Create a temp variable.
> temp <- rbind(cbind(1,2,3,4,5),
+ cbind(6,7,8,9,10))
> temp
[,1] [,2] [,3] [,4] [,5]
[1,] 1 2 3 4 5
[2,] 6 7 8 9 10
Create the names.temp object.
> names.temp <- temp
Use names() on names.temp
> names(names.temp) <- paste(c("First col", "Second col", "Third col",
"Fourth Col", "Fifth col"))
> names.temp
[,1] [,2] [,3] [,4] [,5]
[1,] 1 2 3 4 5
[2,] 6 7 8 9 10
attr(,"names")
[1] "First col" "Second col" "Third col" "Fourth Col" "Fifth col"
NA NA NA
[9] NA NA
We see here we can actually call the 5th name attribute in names.temp.
> names(names.temp)[5]
[1] "Fifth col"
Repeat with a second object but this time create the colnames.temp object.
> colnames.temp <- temp
Use colnames() on colnames.temp
> colnames(colnames.temp) <- paste(c("First col", "Second col", "Third col",
"Fourth Col", "Fifth col"))
> colnames.temp
First col Second col Third col Fourth Col Fifth col
[1,] 1 2 3 4 5
[2,] 6 7 8 9 10
Now name attribute is NULL.
> names(colnames.temp)[5]
NULL
FINALLY. Let's look at our trusty str() command. We can see there is a structural difference between names.temp and colnames.temp. Specifically, colnames.temp has dimnames attributes not names attributes.
> str(names.temp)
num [1:2, 1:5] 1 6 2 7 3 8 4 9 5 10
- attr(*, "names")= chr [1:10] "First col" "Second col" "Thrid col" "Fourth
Col" ...
> str(colnames.temp)
num [1:2, 1:5] 1 6 2 7 3 8 4 9 5 10
- attr(*, "dimnames")=List of 2
..$ : NULL
..$ : chr [1:5] "First col" "Second col" "Thrid col" "Fourth Col" ...

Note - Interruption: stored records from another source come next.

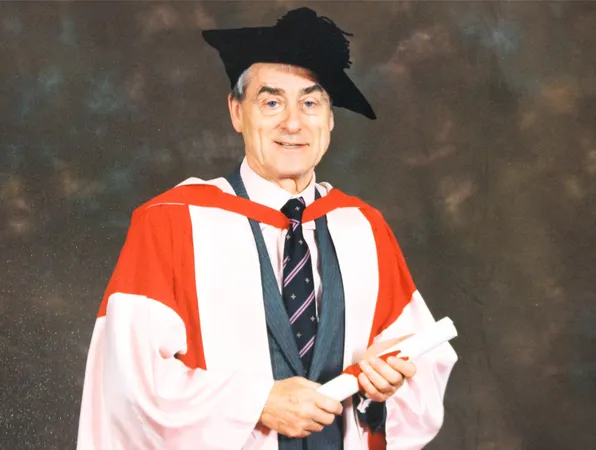 Sir Harry Evans honorary doctorate from the University 1998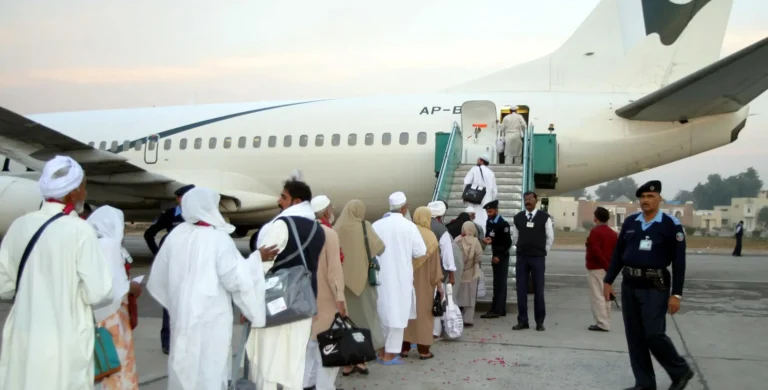 Which airlines are commonly used for Umrah trips from the UK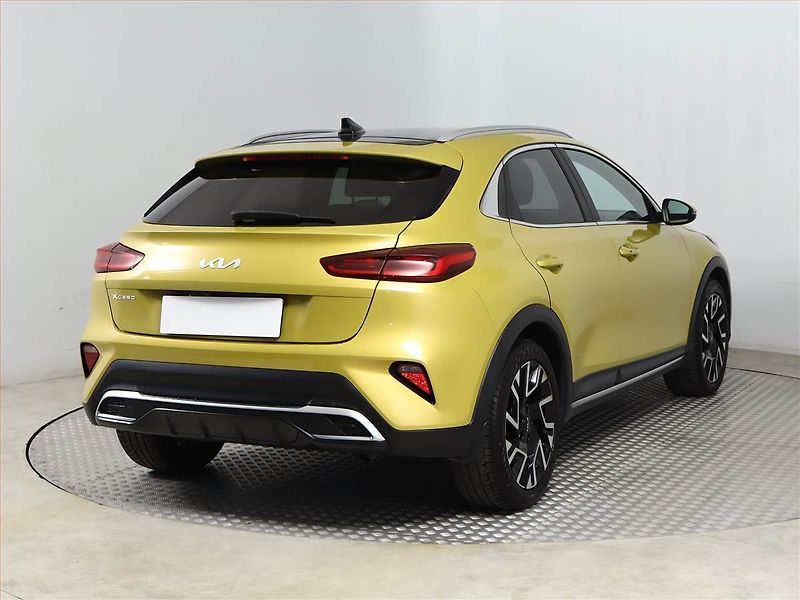 Kia XCeed (2023) 1.5 T-GDI - fotka 5 z 21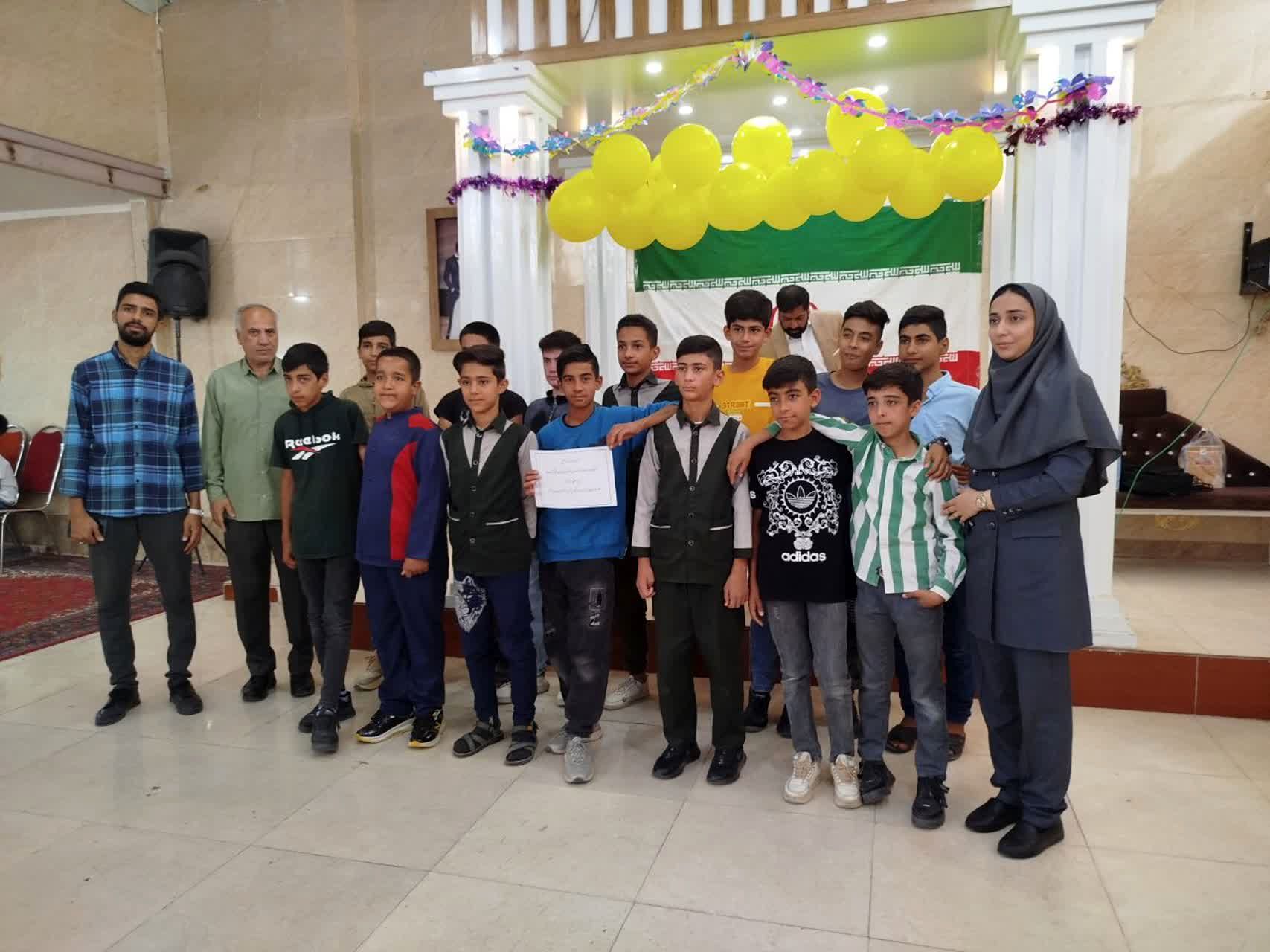 جشن فارغ‌التحصیلی  دانش‌آموزان پایه ششم دبستان شهید پسندیده  فدافن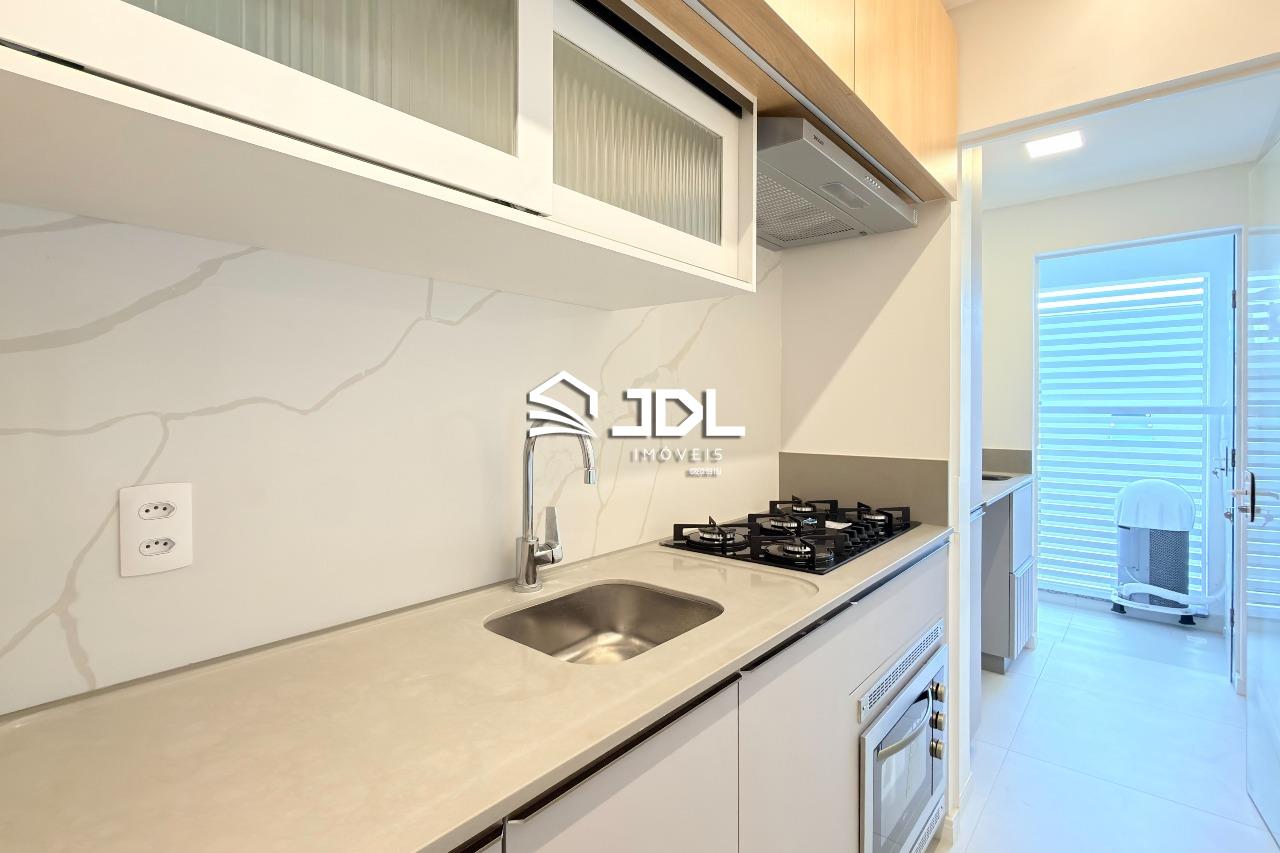 Apartamento à venda no bairro Velha: 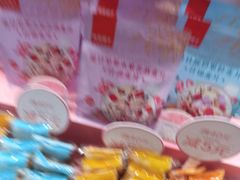 -良品铺子(白云新世界店)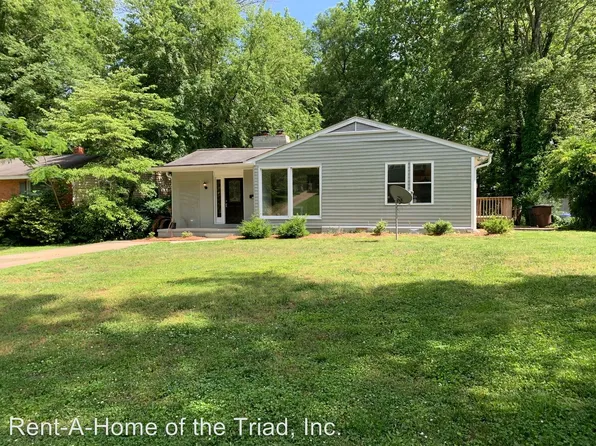 2511 Woodview Dr, Greensboro, NC 27408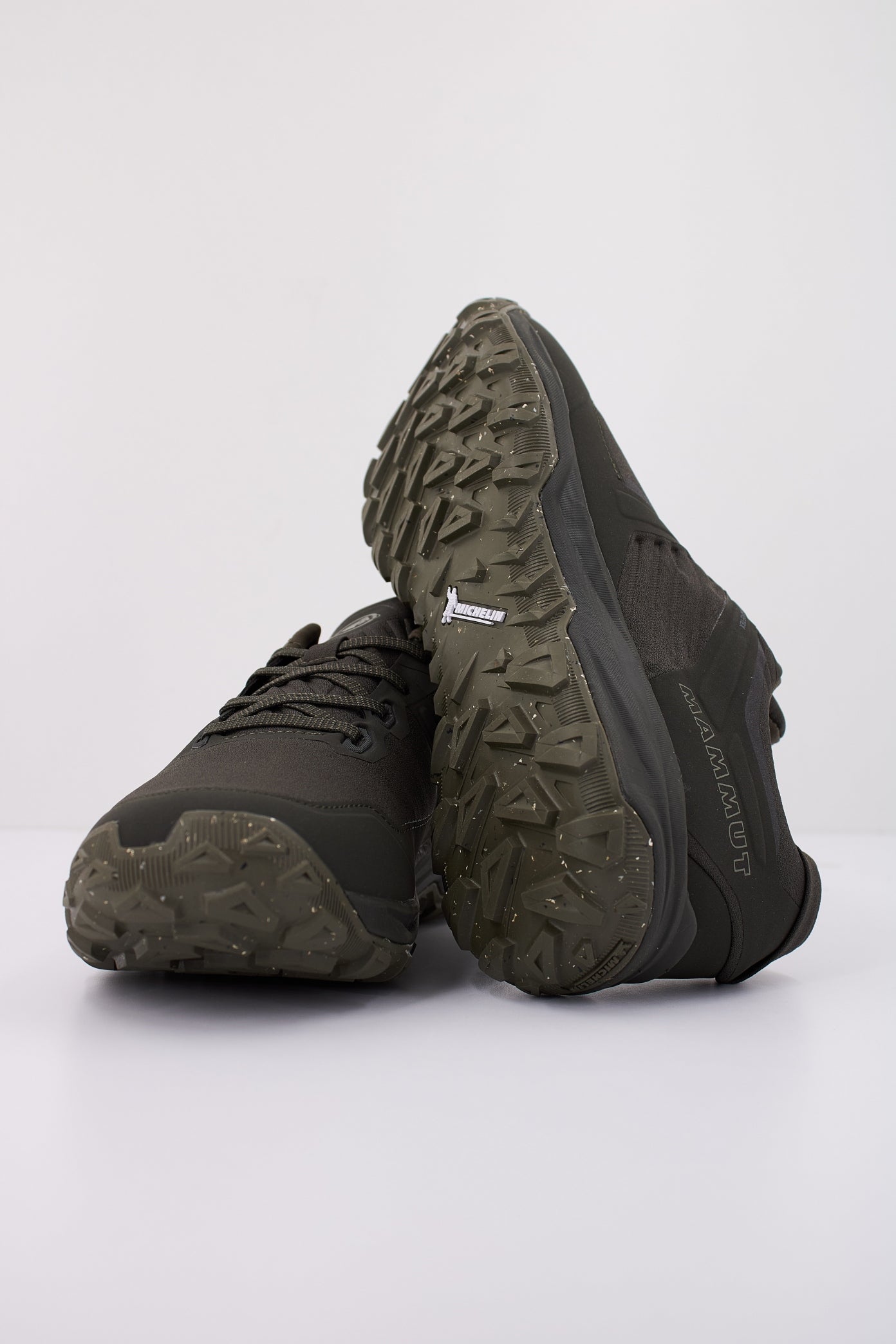 MAMMUT ULTIMATE III en color GRIS (5)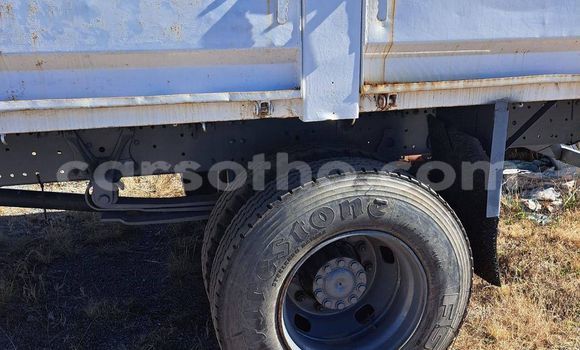 Acheter Occasion Voiture Mercedes-Benz 290 Blanc à Maseru, Maseru Acheter Occasion Voiture Mercedes-Benz 290 Blanc à Maseru, Maseru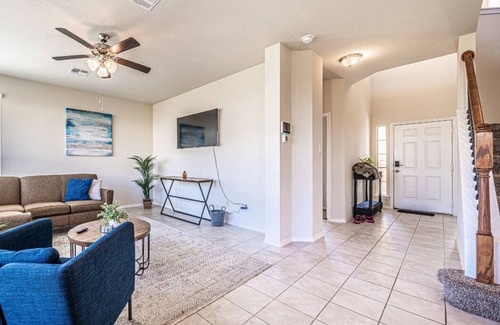 Killeen House | 5BD/3Bath w/HotTub and Back Yard - Perfect for Families or Military Roommates!nn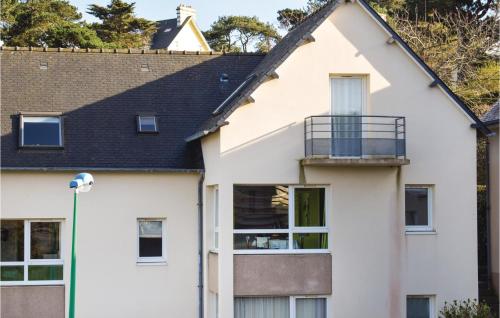 Amazing apartment in Trevou Treguignec with 1 Bedrooms and WiFi : Appartements proche de Coatréven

If you look at the beginning of the colnames and colnames<- functions source code :
R> colnames
function (x, do.NULL = TRUE, prefix = "col")
{
if (is.data.frame(x) && do.NULL)
return(names(x))
(...)
R> `colnames<-`
function (x, value)
{
if (is.data.frame(x)) {
names(x) <- value
}
(...)
You can see that for data frames, colnames just call the names function. So yes, they are strictly equivalent.